* **Exercise goal**: Check each line of the material below for "Image" and copy those where it appears.

* **Extracted data**:

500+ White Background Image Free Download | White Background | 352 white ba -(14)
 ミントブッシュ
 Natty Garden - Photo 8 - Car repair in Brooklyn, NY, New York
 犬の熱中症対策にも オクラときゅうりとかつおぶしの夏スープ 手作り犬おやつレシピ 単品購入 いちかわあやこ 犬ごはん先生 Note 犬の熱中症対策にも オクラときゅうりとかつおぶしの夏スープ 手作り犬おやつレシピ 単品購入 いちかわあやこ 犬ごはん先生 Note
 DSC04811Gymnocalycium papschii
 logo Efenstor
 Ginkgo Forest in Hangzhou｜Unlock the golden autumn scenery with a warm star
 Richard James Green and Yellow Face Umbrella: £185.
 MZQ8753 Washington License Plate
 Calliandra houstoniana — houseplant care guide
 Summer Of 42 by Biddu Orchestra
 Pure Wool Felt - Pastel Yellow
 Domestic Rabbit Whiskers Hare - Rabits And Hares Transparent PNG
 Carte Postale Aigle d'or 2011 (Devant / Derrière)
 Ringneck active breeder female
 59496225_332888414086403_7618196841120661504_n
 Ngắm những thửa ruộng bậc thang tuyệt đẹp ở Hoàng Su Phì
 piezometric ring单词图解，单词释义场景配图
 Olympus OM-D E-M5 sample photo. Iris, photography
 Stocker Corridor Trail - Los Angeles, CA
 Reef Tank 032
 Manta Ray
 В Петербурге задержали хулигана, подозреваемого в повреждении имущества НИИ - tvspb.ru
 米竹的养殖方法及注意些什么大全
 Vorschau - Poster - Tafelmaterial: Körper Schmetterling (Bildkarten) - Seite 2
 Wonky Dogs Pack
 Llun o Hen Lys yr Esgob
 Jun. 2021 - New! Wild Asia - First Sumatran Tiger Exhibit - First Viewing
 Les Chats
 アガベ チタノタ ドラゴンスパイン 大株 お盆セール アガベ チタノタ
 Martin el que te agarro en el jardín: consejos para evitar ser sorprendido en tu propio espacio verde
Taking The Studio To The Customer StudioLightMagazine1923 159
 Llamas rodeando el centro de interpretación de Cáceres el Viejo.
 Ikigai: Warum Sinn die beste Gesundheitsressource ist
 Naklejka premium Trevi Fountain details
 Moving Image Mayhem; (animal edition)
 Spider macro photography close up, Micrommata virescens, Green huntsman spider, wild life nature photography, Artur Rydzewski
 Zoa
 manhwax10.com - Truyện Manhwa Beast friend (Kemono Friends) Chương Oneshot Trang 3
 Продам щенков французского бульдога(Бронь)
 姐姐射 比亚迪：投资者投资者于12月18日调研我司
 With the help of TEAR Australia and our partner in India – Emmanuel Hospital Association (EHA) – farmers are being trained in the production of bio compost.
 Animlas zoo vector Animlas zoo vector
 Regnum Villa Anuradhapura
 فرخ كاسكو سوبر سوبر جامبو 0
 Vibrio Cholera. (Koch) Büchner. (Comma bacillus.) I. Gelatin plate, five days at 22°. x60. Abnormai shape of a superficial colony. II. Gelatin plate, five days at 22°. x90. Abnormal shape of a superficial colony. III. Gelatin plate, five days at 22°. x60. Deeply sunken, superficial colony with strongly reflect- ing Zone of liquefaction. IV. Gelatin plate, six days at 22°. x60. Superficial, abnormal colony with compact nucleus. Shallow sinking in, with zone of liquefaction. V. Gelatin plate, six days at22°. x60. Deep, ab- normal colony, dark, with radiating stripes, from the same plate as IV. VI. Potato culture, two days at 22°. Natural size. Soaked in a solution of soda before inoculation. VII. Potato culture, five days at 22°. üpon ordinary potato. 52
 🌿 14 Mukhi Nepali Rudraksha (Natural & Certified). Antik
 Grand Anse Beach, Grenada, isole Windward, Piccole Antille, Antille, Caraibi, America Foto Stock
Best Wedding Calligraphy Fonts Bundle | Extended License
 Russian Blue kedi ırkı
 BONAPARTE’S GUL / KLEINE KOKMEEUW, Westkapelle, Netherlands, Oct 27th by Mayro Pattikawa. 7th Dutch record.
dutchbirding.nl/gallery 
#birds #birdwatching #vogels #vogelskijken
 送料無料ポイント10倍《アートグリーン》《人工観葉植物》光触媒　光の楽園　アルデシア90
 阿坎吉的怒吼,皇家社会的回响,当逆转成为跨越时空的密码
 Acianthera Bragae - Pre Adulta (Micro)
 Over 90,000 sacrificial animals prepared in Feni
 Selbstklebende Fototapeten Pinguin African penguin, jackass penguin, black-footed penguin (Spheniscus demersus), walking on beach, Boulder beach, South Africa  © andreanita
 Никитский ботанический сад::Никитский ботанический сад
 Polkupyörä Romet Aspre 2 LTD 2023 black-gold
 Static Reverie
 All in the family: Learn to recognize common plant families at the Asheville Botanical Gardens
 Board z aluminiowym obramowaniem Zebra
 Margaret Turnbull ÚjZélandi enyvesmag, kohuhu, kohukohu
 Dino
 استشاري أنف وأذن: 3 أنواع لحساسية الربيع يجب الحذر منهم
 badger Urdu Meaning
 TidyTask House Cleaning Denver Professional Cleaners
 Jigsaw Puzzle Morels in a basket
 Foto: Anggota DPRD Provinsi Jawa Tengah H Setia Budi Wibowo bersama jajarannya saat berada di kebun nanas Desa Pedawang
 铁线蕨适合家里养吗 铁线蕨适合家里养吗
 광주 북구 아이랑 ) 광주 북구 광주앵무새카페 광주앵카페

* **Output for this exercise**:
500+ White Background Image Free Download | White Background | 352 white ba -(14)
 Moving Image Mayhem; (animal edition)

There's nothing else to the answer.